Tales of the weird: High CPU on Exchange when using CBA authentication

Here's another one from the 'Tales of the Weird and Unusual' bin here at Microsoft Exchange Support.  We recently had a case where a customer was experiencing high CPU on their Exchange 2016 servers.  While experiencing high CPU on an Exchange environment can happen from time to time, in our case, the customer reported it started within 2 hours of them deploying iOS 11 to their organization.  What we were able to determine very quickly is that this was NOT the same as identified in Apple's support article HT208136.

What made this case more from the weird is that the customer was also using Certificate based authentication, like below:  (screen shot from my CBA lab) 

If we removed the CBA, then the issue would not duplicate.

When we've seen issues like this in the past, often times it can be caused due to poorly performing Filter Drivers, IPS, or even a WAN accelerators in one instance.  We were able to eliminate these potential causes fairly quickly as the high CPU was becoming more of a concern.

So, this made us go and get a few procdumps and we started our debugging.

I know some people out there like to try debugging this on their own, and if you do venture into that realm, you may see it getting stuck in this manner:

Child-SP RetAddr Call Site
00 00000075` 00007ff9`ebb113e8 ntdll!ZwDeviceIoControlFile+0x14
01 00000075` 00007ff9`ebb1434d httpapi!HttpApiOverlappedDeviceControl+0x68
02 00000075` 00007ff9`9a8b288a httpapi!HttpReceiveClientCertificate+0x6d
03 00000075` 00007ff9`9a8eed27 w3dt!UL_NATIVE_REQUEST::ReceiveClientCertificate+0x152
04 00000075` 00007ff9`9a8de0c3 iiscore!W3_REQUEST::NegotiateClientCertificate+0x13f
w3dt!UL_NATIVE_REQUEST::ReceiveClientCertificate

In the procdump, we were finding we were getting stuck in http.sys, and SSL decryption, where the device was repeatedly trying to perform an SSL handshake and failing.  Now, we have seen this happen from time to time with customers who are on slow connections, for example, if they are doing CBA from somewhere with a very poor cellular connection (think rural countries, satellite Internet connections, etc.) however that was not true in this case.

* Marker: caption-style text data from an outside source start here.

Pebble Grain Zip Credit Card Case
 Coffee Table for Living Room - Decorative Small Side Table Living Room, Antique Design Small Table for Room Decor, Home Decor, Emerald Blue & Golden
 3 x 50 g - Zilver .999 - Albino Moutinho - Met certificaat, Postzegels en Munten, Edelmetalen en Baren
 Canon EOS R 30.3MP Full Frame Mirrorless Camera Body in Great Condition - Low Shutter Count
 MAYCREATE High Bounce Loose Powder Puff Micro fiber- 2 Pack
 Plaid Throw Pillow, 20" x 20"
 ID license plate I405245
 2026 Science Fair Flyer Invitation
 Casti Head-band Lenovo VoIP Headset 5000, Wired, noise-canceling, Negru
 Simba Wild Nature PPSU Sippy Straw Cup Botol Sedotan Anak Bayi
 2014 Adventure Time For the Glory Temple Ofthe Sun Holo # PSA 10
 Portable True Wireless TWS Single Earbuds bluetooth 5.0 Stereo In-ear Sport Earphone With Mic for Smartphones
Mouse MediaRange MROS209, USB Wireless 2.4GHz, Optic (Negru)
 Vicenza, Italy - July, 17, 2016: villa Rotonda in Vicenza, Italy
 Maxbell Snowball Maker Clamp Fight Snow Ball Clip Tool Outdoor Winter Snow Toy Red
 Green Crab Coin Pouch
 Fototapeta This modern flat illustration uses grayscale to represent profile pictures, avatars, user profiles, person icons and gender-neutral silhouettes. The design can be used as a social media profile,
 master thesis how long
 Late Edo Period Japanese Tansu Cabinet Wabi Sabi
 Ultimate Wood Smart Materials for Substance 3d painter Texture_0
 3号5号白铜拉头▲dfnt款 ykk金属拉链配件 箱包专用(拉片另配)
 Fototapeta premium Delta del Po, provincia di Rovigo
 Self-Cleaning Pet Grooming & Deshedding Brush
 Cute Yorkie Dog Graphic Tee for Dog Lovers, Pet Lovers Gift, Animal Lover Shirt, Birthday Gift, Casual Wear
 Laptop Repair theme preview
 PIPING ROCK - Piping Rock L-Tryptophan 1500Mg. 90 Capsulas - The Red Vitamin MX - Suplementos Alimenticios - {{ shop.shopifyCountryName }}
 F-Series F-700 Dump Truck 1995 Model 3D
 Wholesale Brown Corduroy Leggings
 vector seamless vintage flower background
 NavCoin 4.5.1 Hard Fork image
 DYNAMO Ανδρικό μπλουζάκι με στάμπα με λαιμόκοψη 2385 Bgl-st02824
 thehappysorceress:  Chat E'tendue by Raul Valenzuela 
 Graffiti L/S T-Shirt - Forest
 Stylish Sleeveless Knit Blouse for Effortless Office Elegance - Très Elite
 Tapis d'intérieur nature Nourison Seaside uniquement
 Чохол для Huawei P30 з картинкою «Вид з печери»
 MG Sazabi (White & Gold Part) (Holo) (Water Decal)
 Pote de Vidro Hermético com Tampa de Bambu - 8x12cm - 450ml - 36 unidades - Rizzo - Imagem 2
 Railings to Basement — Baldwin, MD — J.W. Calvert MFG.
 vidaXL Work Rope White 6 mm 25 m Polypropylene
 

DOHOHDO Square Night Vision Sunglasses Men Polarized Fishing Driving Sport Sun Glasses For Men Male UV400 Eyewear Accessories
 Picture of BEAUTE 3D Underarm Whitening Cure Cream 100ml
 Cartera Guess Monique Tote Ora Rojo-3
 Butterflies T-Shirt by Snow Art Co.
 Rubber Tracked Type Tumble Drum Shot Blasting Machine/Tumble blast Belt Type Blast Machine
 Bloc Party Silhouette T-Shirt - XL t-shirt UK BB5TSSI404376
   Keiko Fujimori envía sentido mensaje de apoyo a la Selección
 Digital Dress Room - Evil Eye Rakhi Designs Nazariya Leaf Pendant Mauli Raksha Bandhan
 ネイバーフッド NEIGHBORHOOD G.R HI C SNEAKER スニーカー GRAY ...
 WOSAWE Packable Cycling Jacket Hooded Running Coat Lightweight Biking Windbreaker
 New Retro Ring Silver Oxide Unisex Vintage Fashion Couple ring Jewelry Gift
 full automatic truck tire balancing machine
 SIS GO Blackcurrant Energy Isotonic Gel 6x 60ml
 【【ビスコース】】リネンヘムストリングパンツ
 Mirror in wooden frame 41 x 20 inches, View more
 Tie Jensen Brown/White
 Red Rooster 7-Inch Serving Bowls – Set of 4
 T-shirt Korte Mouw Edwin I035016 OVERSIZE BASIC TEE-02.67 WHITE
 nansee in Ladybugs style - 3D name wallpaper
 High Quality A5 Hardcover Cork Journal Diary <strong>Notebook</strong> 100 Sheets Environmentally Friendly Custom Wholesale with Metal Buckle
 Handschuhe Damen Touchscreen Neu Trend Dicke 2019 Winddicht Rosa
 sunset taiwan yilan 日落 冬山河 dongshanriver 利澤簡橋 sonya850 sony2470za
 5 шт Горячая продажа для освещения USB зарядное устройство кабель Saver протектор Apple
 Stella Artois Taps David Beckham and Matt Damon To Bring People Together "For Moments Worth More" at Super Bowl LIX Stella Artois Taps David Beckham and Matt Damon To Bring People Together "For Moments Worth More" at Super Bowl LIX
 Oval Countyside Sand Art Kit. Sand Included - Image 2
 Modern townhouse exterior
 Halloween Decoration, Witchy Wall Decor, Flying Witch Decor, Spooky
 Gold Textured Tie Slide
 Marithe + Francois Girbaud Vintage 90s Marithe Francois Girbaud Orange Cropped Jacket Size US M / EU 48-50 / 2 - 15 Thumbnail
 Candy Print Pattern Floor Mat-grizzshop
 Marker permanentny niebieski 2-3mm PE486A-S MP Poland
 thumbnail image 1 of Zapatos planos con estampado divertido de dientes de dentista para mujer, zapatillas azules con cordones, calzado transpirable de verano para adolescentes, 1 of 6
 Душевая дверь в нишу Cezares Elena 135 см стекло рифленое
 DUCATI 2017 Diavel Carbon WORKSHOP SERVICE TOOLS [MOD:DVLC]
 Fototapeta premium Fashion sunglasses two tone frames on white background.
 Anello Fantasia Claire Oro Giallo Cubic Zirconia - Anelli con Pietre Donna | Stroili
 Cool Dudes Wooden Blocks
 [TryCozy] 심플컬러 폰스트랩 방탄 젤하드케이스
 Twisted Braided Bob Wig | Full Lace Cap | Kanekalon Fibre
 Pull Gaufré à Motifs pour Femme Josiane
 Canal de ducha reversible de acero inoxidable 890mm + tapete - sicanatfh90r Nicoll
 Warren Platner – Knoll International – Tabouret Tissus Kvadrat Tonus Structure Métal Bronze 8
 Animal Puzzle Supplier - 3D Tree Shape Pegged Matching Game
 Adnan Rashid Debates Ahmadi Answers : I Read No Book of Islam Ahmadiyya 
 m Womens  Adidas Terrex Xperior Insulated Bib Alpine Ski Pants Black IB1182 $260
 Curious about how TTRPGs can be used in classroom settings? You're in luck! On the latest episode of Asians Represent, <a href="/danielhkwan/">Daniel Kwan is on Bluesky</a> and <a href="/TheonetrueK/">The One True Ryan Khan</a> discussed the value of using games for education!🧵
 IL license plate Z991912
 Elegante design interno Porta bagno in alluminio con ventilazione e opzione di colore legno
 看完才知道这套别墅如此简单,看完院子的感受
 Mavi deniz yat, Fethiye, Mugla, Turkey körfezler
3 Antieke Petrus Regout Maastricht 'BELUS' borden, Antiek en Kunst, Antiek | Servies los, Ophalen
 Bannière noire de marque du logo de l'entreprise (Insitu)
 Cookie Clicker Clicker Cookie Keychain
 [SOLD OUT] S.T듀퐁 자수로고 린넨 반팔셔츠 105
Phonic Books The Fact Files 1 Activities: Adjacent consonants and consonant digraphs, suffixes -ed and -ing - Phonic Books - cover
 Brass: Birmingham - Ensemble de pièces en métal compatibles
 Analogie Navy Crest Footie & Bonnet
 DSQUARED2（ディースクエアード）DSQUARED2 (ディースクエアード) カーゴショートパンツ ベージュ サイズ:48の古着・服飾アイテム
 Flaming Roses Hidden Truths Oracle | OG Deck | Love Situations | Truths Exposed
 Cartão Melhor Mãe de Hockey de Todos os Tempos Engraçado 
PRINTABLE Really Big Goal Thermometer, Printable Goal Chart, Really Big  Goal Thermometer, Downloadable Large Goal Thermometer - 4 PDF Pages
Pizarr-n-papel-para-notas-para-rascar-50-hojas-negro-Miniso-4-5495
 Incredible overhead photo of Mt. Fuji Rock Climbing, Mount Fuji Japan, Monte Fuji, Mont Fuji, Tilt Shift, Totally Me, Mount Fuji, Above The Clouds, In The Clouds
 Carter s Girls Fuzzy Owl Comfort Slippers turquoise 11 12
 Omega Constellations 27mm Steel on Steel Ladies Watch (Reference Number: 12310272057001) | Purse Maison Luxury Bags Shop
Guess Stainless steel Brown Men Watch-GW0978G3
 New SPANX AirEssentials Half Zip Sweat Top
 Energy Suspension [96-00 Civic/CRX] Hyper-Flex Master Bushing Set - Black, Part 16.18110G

After discussing with our counterparts within Windows, there were some performance tweaks made with how SSL is handled in the October 2017 update for Windows Server 2016 ( KB 4041688).  We were able to successfully apply KB 4041688, and the issue was resolved upon reboot.

So, if you are working on doing an iOS 11 deployment, using CBA, and starting to experience high CPU in the MSExchangeSyncApp pool, then apply KB 4041688 and your issue may very well be resolved.

Special thanks to Radomir Zaric, Nick Tilton, and Jason Slaughter for their help on this very weird case.